Rule #9: deliver a multi-device user experience
It’s unlikely that the success of a particular design solution can be assessed by a couple of reviews from the focus group representatives. Instead, testing is much better done with the help of special emulators, which not only repeat the typical steps of various target audience groups but also simulate their actions on various devices.
Rule #10: don’t forget about live testing
Along with testing on emulators, it is also important to test on live representatives of the target audience. This way you can get useful feedback (in addition to multi-device testing, of course), which you can then use to optimize the existing template.
Rule #11: create a stylish splash screen
Obviously, since the splash screen is the user’s “first impression” when using an app or website for the first time, it’s important to think of it in such a way that it looks cool. This can be done, for example, with the help of colorful, original animation.
Rule #12: minimize the number of registration steps
Instead of thinking through the steps for registering in an application or website from scratch, it’s much better to use proven methods that are familiar to every user. For example, you can invite users to register through social networks or Gmail.
Rule #13: don’t bombard users with permission messages to access their personal data
Although today software developers are massively practicing GDPR, it’s important to understand where the golden mean is. That’s why the next time you design a user interface layout that uses personal data, think about it: perhaps it makes sense to request access rights only at the beginning of using an application or website.

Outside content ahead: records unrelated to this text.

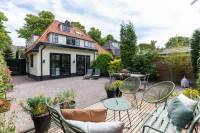 Woning 't Paadje 10 Laren (NH)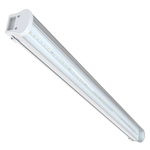 Светильник LED Айсберг v2.0 36 1200мм CRI70 4000К Прозрачный PROMLED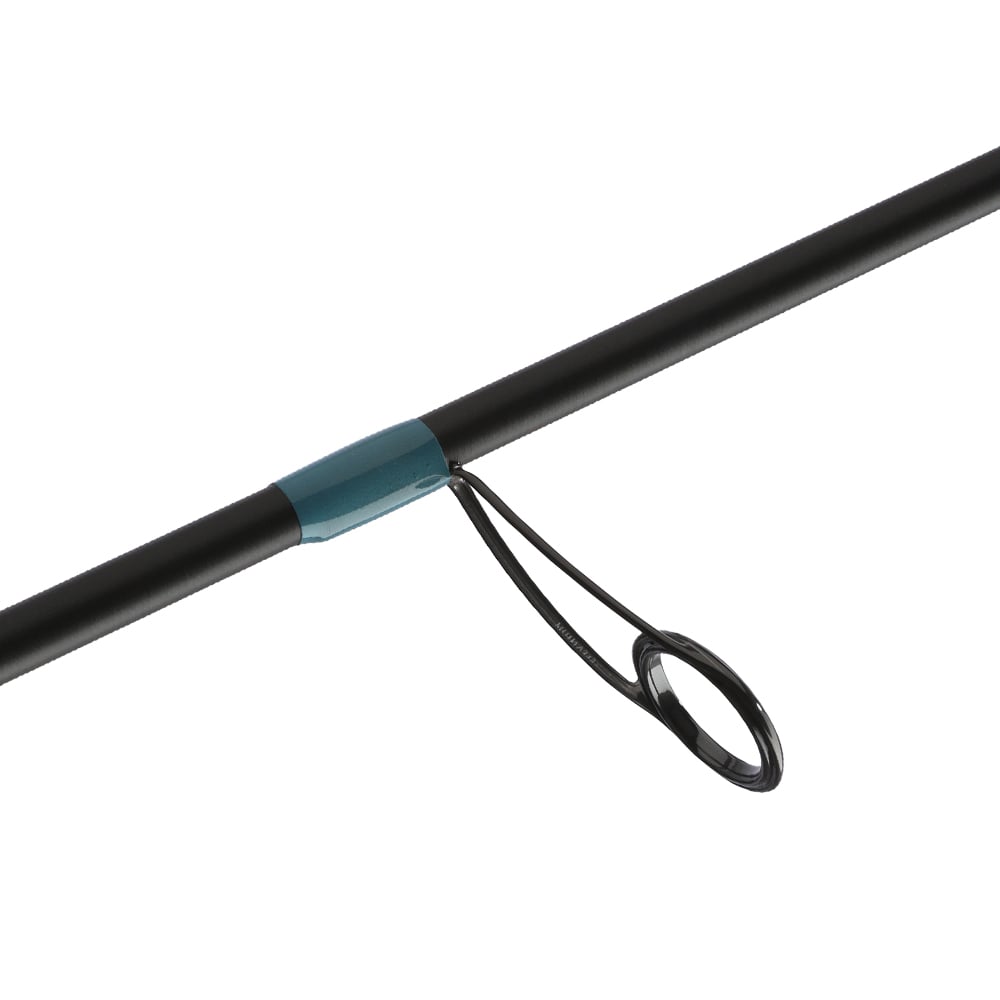 G. Loomis NRX+ Inshore Spinning Rod 902S 7'6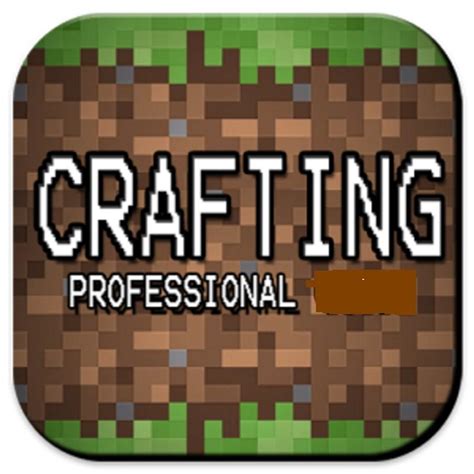 crafty craft apk   action game  android apkpurecom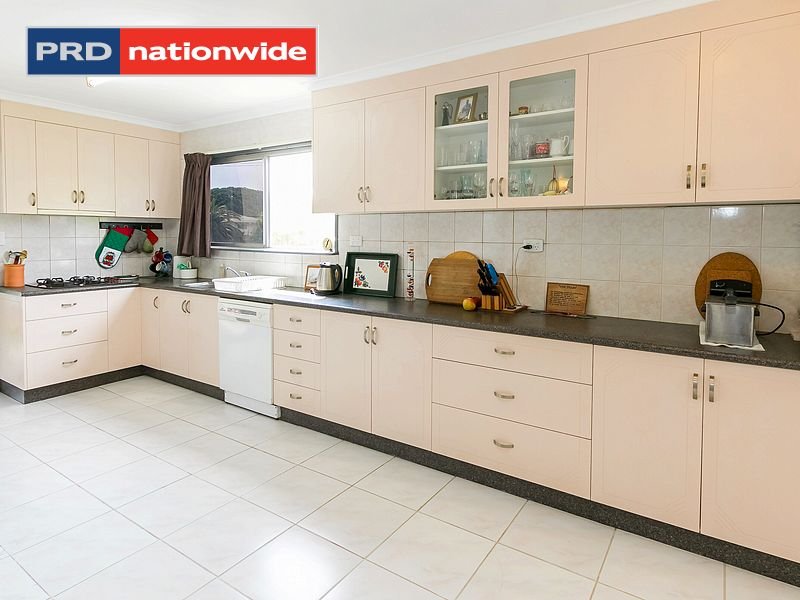 14 Gibbs Street URANGAN 4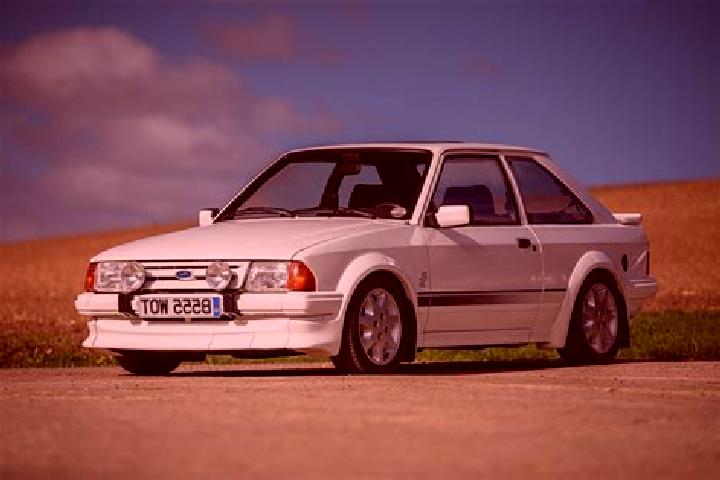 escort Osoblaha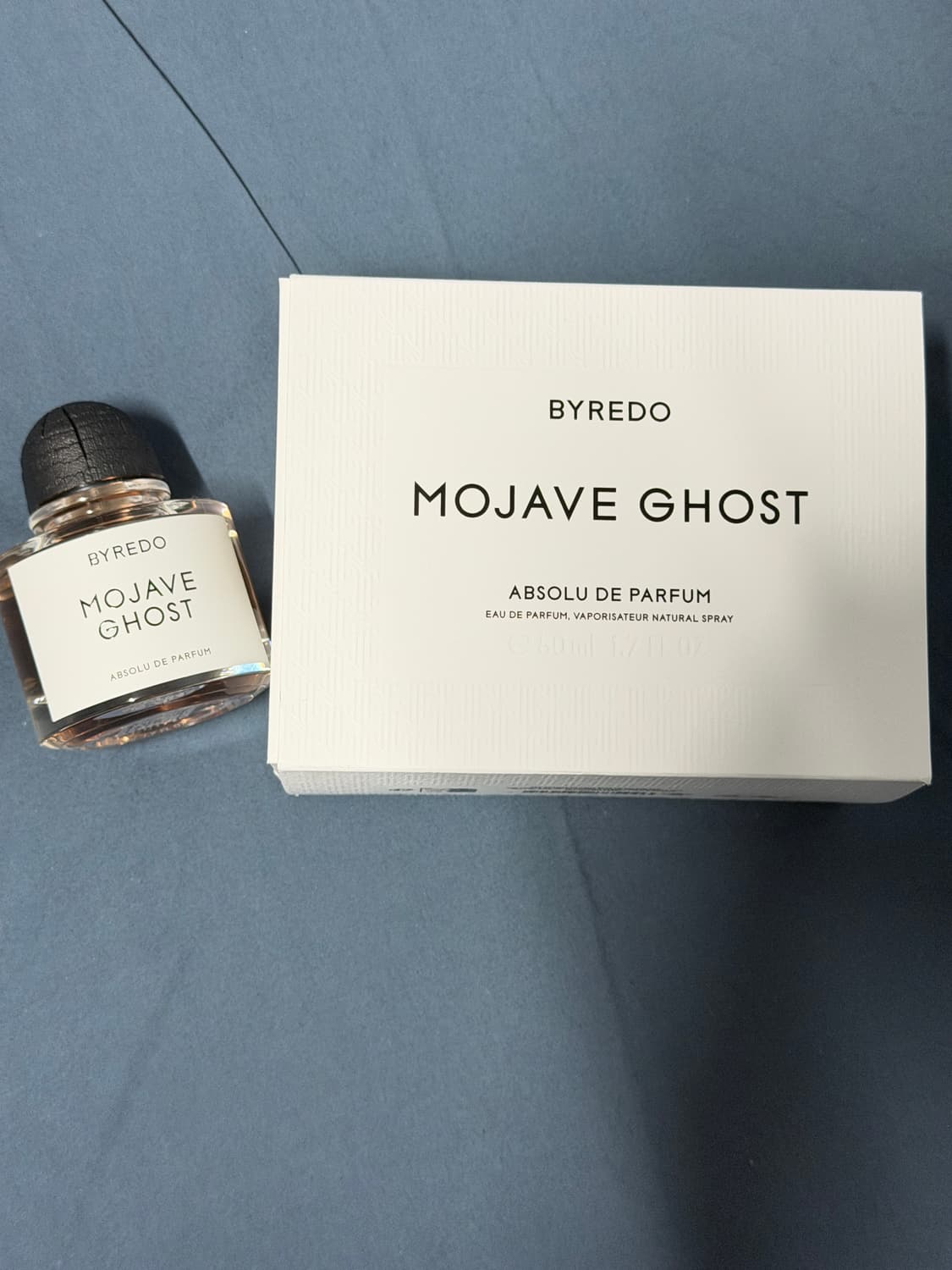 바이레도 모하비고스트 앱솔뤼 50ml 상품이미지3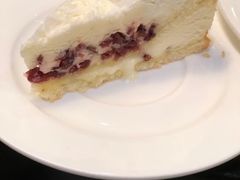 -Mr.Pizza米斯特比萨(盐城聚龙湖店)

Rule #14: think about cross-platform
The fact that the implementation of interfaces from platform to platform shouldn’t differ much visually is obvious. It’s just not clear how to implement this when you have two separate solutions for different platforms. That is why it’s much better to try to create a universal design for all platforms at once.
Rule #15: provide a positive tone even in negative scenarios
In addition to the positive outcome of using the created interface, it’s also very important to consider the negative ones when something doesn’t work or went wrong. In particular, even if your potential user is forced to uninstall your mobile application, he or she can receive a reassuring notification that, for example, the team of the development company loves absolutely all of their users.
Rule #16: offer users instant payments
If your application or website is part of the e-commerce sector, you can hardly think of anything better than just implementing the possibility of instant payments. Voila! Your users will start making more purchases from the first day of updates.
Rule #17: remember about security
Sometimes design creates a security gap, ranging from ill-conceived sign-in forms to biometrics. Stop shifting all the responsibility to the developers! Just think about what you would do to hack your app or website if you were a hacker and try to avoid these situations when designing your mockups.
Rule #18: prefer text indicators
Have you ever noticed that some of the icons that indicate what users need to do look ambiguous? That’s why it’s better to use textual progress indicators where it’s possible.
Rule #19: balance the number of push notifications
To ensure background user interaction, some developers begin to abuse pop-up messages. As a result, users get annoyed very soon. Naturally, there is no question of advanced user experience in such situations.
Rule #20: provide top personalization
Offer the user enough options so that he or she can adapt the interface to their individual needs. Among the basic settings are font size and type, theme, sound effects, etc. As a result, you will quickly see how your target audience’s loyalty to your project will increase.
Dear friend, we hope we have helped you understand the basics of mobile design, and now you are on the right track. So, good luck!